The date, late October 1959. The place, Council Bluffs, Iowa. The ten year old boy arrives home from school to find a note from his mom saying she will be late and to do his homework. Aha, the perfect chance! He jumps on his bike and rides the 10 or so blocks to Tom's Shoe Repair & Hobby as fast as the two wheels will take him. He darts in the door and quickly hands the old guy working on someone's sole $1.49. Back on his bike and home as fast as his legs will take him. Never know just what "I will be late" means.

He bounds up the stairs to his room and removes the box from its brown paper bag. What a beauty! A Monogram 1/48th scale SBD Dauntless. The picture on the box shows an SBD just rolling into its dive and a small scrap shot of the included ground crewman working on the centerline bomb. It is almost like you are there at the Battle of Midway!

The young boy pours over the instruction steps with as much patience as he can muster, but in just a few moments is twisting the fuselage pieces from their trees and doing a test fit. All the features! Retracting landing gear. Interconnected dive brakes. Spinning prop. Best of all a small trigger under the fuselage that releases the center bomb, which swings on its yoke to free the propeller before plunging into the deck of the Japanese aircraft carrier that is sitting helplessly below!

In about 2 hours the plane is together and the boy is testing the flaps and the bomb action. He has been as careful following the directions as his youth will allow and there are not too many glue fingerprints marring the blue plastic. After a few bomb runs he opens his small bottle of Pactra 'namel and begins to brush on the light gray underside of his latest masterpiece. He also does the very best he can hand painting the canopy frames with blue paint. It will take about 4 hours to dry, which should bring him nicely through homework and then dinner.

After dinner, while the rest of the family watches a sitcom downstairs in the living room, he carefully soaks and then slides the decals into position according to the kit directions. While these are drying he takes some time to paint the pilot, gunner, ground crewman and LSO officer. By bedtime that evening he has gingerly rearranged the models already on display on top of his chest of drawers to give the little dive bomber pride of place near the front. Then he tucks the empty box into his secret place behind his dresser and files away the instructions. That night just before he drops off to sleep he reads and then re-reads the small folding brochure included with his kit and makes plans for his next purchase. Should it be the Avenger or the small P-40?

Since that day in 1959 I have probably built at least a squadron of these Monogram SBD's. When the Accurate Miniatures kit came out I really went crazy. An SBD-3 for my Battle of Midway diorama with my TBD and F4F. Another SBD-1 in golden wings markings. When the original AM announced that they were closing they offered a "Double Dauntless" kit which I snapped up. Recently I have completed one as an SBD-5 and the other as a Midway SBD-3 poised in its dive.

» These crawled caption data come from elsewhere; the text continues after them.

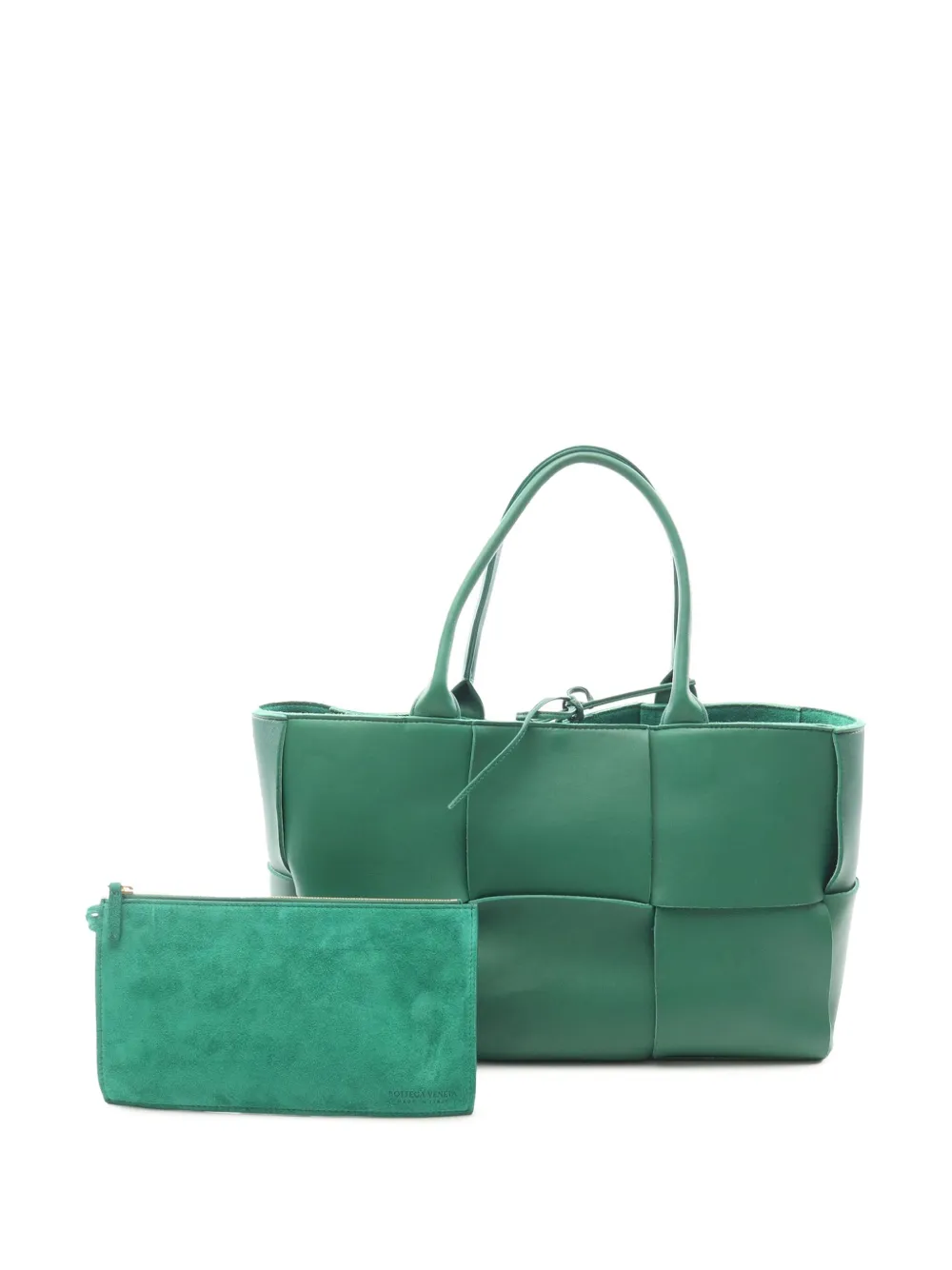 Bottega Veneta Pre-Owned 2012-2025 Medium Nappa Maxi Intrecciato Arco tote bag | Green | Image 1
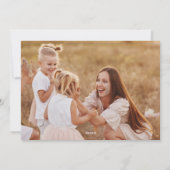 ビッグフォトホワイトレタリングオーバーレイハッピーホリデー シーズンカード (裏面)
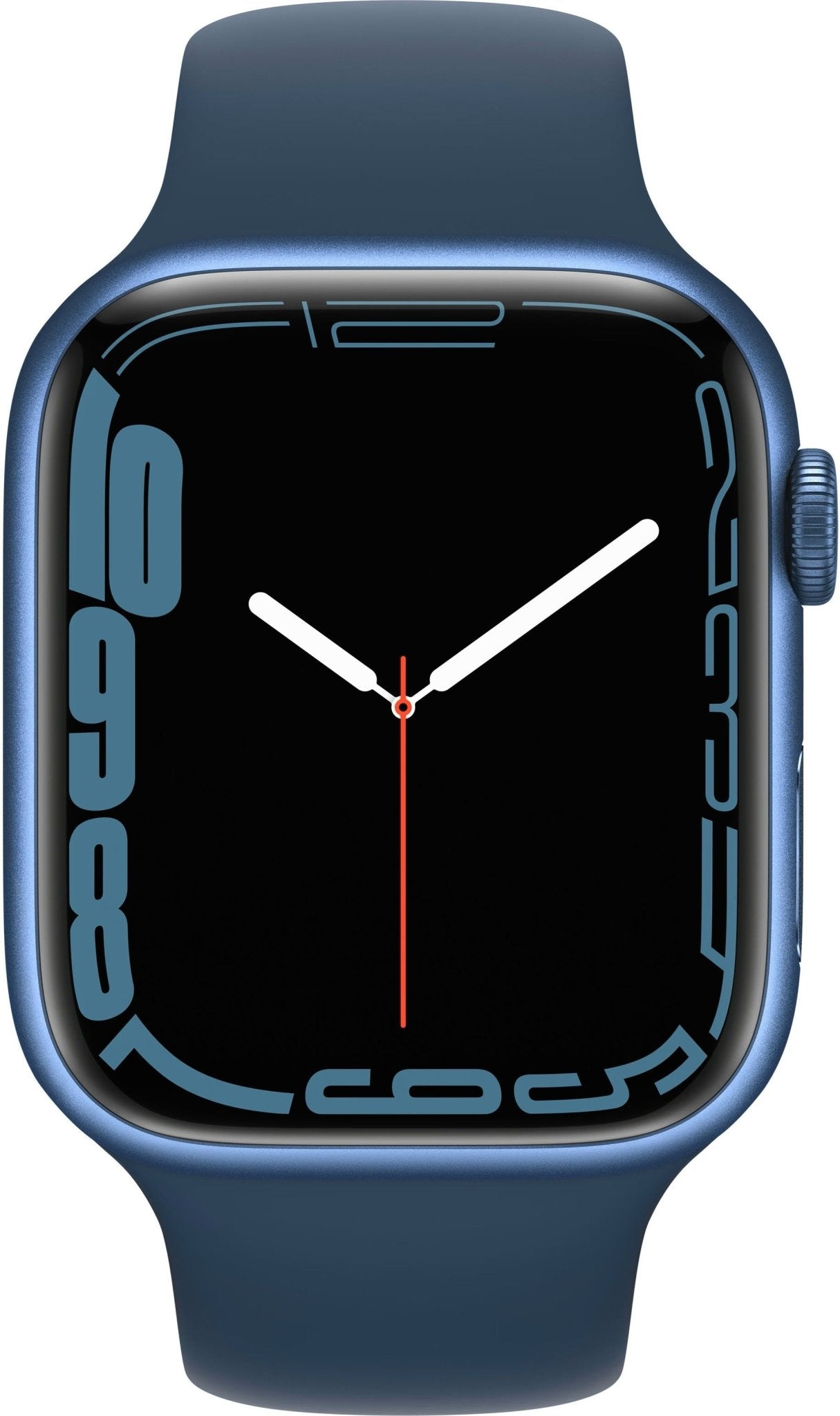 Apple Watch Series 7 MKN83FD/A 45mm Blauw - Compridis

While on a trip to my local hobby shop, I saw this kit in the original "4-Star" boxing on the shelf. The owner has purchased a huge pile of kits from an estate and this was one of them. Most of the pieces were off the trees but there wasn't too much damage. The kneeling deck crew figure was the only part missing. As soon as I saw that kit all the memories of building them as a young boy came rushing back. Since it was a "4-star" issue, I probably should have had my wife sell it on e-bay with her account, but some things just do not have a monetary value.

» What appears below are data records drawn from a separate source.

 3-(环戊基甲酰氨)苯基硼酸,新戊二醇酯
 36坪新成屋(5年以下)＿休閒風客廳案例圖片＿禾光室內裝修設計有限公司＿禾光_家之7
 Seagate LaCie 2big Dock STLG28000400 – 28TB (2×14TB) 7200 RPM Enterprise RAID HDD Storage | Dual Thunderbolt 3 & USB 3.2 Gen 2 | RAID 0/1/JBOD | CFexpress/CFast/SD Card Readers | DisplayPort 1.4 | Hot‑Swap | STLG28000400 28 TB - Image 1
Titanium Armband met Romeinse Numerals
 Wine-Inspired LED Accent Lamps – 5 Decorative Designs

This time I did the best job I could on the seams and I must say that the kit fits very well. I did a few things to make it a little more accurate, but I really didn't want to change it too much. For example, I just could not bring myself to melt the axles with a heated screwdriver to make them spin. I also drilled out all the tiny holes in the dive flaps. This is tedious but makes a real difference in the look of these aircraft. The kit decals were pretty much toast so I used the Operation Torch markings provided with the AM Double Dauntless kit. As I understand it the Mono SBD comes closest to being an SBD-4 because of the prop hub and air intake on the cowl.

The part of modeling I enjoy most is airbrushing so I took my time with this part. I pre-shaded and faded the paint on the control surfaces, etc. to make it a bit more realistic. I think it turned out pretty good.

This old veteran will take its place with the rest of my kits on display in the living room and, if plastic models have feelings, it will be very happy to look around and enjoy the view after it's 45 year wait.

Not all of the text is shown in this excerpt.